Bear Dreams: Harmonious Fires
In response to an invitation produce an artwork for Smokey the Bear’s anniversary exhibition, I engaged a bear’s viewpoint, only one of many creatures that rely on forests to exist.
The central upright ‘sawed’ log is threatened at the base by a swirling mass of flames, which, in turn, is surrounded and tempered by water. On the top platform are two giant whirling discs, appearing as the sun from the outside, and like metal saw blades from the inside, mirroring both the life source and the destruction of trees. Bear paw prints move up the side of the tree trunk to the top platform, diminishing in size as they meld to fit that of the bear standing on a stump, no longer in its primal forest habitat.
On the surface of one of the saw blades is the lifecycle of several species of pine: the cone evolving to maturity, then opening to spread seeds once fire has spread through the forest.

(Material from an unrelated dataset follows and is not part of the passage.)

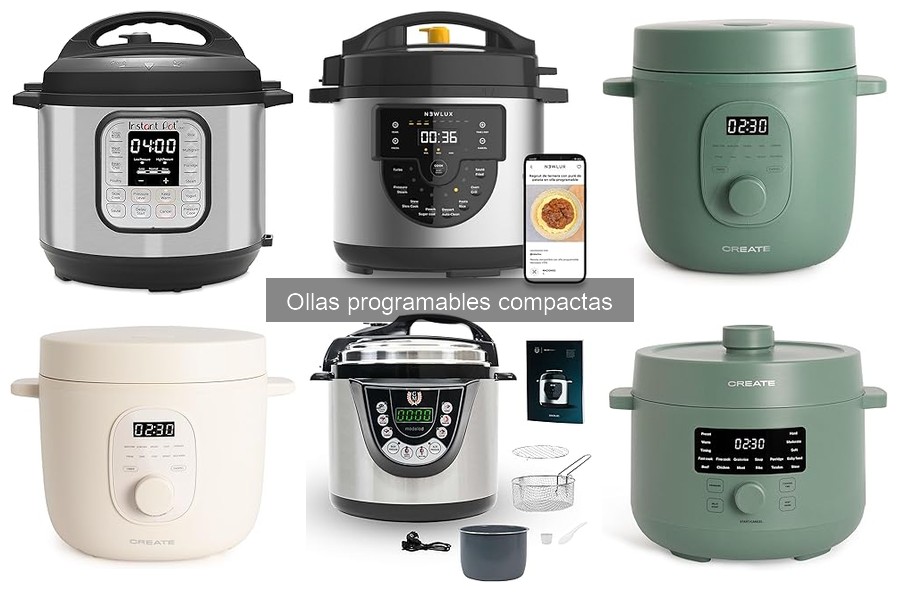 Recetas fáciles para olla programable compacta: Deliciosas y rápidas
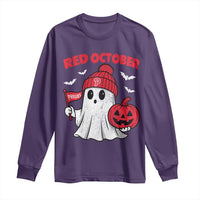 Red October Halloween Ghost Long Sleeve Shirt Philadelphia Spooky Pumpkin TS10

This is an ironic juxtaposition to the politics of ‘preventing’ naturally occurring forest fires, which contributes to more destructive fires as in the Yellowstone case.
The bear peers down into the log’s cavernous belly. There, she witnesses her former self (or peers); one bear is sleeping, one is catching a fish and a third is scratching its back on a tree trunk. It’s everyday living from the bear’s perspective, until her home is gone.